By James D. Moran
Creativity has been considered in terms of process, product or person (Barron and Harrington, 1981) and has been defined as the interpersonal and intrapersonal process by means of which original, high quality, and genuinely significant products are developed. In dealing with young children, the focus should be on the process, i.e., developing and generating original ideas, which is seen as the basis of creative potential. When trying to understand this process, it is helpful to consider Guilford's (1956) differentiation between convergent and divergent thought. Problems associated with convergent thought often have one correct solution. But problems associated with divergent thought require the problem-solver to generate many solutions, a few of which will be novel, of high quality, and workable--hence creative.
For a proper understanding of children's creativity, one must distinguish creativity from intelligence and talent. Ward (1974) expressed concern about whether creativity in young children could be differentiated from other cognitive abilities. More recent studies (for example, Moran and others, 1983) have shown that components of creative potential can indeed be distinguished from intelligence. The term "gifted" is often used to imply high intelligence. But Wallach (1970) has argued that intelligence and creativity are independent of each other, and a highly creative child may or may not be highly intelligent.

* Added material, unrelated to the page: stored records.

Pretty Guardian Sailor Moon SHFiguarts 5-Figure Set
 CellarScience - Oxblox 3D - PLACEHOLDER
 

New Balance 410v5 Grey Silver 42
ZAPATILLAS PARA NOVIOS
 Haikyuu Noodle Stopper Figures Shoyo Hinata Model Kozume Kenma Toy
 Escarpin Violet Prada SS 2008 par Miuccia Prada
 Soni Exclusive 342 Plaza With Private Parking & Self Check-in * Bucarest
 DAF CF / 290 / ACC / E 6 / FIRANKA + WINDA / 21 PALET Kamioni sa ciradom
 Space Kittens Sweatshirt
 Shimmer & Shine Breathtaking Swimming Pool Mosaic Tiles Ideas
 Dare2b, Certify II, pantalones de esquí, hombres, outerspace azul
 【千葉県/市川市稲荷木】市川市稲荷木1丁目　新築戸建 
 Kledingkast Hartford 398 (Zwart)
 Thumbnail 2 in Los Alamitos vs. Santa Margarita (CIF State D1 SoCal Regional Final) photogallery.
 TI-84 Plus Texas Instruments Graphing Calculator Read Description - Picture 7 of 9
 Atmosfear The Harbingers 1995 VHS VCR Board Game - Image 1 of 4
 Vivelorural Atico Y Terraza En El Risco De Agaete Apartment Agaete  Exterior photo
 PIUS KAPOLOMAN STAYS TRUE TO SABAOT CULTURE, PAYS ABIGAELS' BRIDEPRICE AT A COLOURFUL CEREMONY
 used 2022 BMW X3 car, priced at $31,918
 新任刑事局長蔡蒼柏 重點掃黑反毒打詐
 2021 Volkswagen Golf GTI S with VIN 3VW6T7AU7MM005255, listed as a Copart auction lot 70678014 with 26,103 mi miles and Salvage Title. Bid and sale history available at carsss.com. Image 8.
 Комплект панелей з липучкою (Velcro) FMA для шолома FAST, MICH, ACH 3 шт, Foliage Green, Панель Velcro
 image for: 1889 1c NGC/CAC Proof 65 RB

Creativity goes beyond possession and use of artistic or musical talent. In this context, talent refers to the possession of a high degree of technical skill in a specialized area. Thus an artist may have wonderful technical skills, but may not succeed in evoking the emotional response that makes the viewer feel that a painting, for example, is unique. It is important to keep in mind that creativity is evidenced not only in music, art, or writing, but throughout the curriculum, in science, social studies and other areas.
Most measures of children's creativity have focused on ideational fluency. Ideational fluency tasks require children to generate as many responses as they can to a particular stimulus, as is done in brainstorming. Ideational fluency is generally considered to be a critical feature of the creative process. Children's responses may be either popular or original, with the latter considered evidence of creative potential. Thus when we ask four-year-olds to tell us "all the things they can think of that are red," we find that children not only list wagons, apples and cardinals, but also chicken pox and cold hands.
For young children, the focus of creativity should remain on process: the generation of ideas. Adult acceptance of multiple ideas in a non-evaluative atmosphere will help children generate more ideas or move to the next stage of self-evaluation. As children develop the ability for self-evaluation, issues of quality and the generation of products become more important. The emphasis at this age should be on self-evaluation, for these children are exploring their abilities to generate and evaluate hypotheses, and revise their ideas based on that evaluation. Evaluation by others and criteria for genuinely significant products should be used only with older adolescents or adults.